Reputation: 1087
I have already created firewall (security groups) on AWS using the feature from_port/to_port. For exemple, here I create a SG from port 5000 to port 5100, from port 6000 to 6100, from port 7000 to 7100 ...
variable "list_port" {
type = "list"
default = [
"5000-5100",
"6000-6100",
"7000-7100",
]
}
resource "aws_security_group" "test" {
name = "test"
}
resource "aws_security_group_rule" "test" {
count = "${length(var.list_port)}"
type = "ingress"
from_port = "${ element(split("-", element(var.list_port, count.index)), 0) }"
to_port = "${ element(split("-", element(var.list_port, count.index)), 1) }"
protocol = "TCP"
cidr_blocks = ["0.0.0.0/0"]
security_group_id = "${aws_security_group.test.id}"
}
I'm trying to do the same thing with google, but it seems there is no from_to options. I want to be the more DRY possible and not repeat the ports. An other good reason is that I'm using terraform module with a variable containing ports to open. So I want to avoid something like that.

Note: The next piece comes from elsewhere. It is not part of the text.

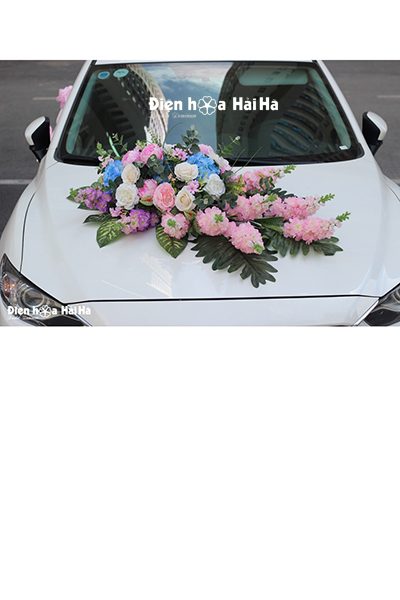 Hoa lụa trang trí xe cưới phi yến độc đáo (1)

resource "google_compute_firewall" "firewall" {
name = "test"
direction = "INGRESS"
allow {
protocol = "tcp"
ports = [5000, 5100]
}
allow {
protocol = "tcp"
ports = [6000, 6100]
}
allow {
protocol = "tcp"
ports = [7000, 7100]
}
}
Does anyone known a better solution ?
Thanks
BR,
Eric
Upvotes: 0
Views: 1778
Reputation: 15058
You can specify port ranges in the array:
resource "google_compute_firewall" "gaming-blacknut" {
name = "test"
direction = "INGRESS"
allow {
protocol = "tcp"
ports = ["5000-5100"]
}
}
Edit
After seeing your problem I believe you can still use port ranges in the allow
rules, specifically the variable.
Example:
allow {
protocol = "tcp"
ports = ["${var.list_port}"] // You may not need the surrounding [ ] as the variable is already defined as a list.
}
You can see an example rule using a list of single ports and a port range in the documentation.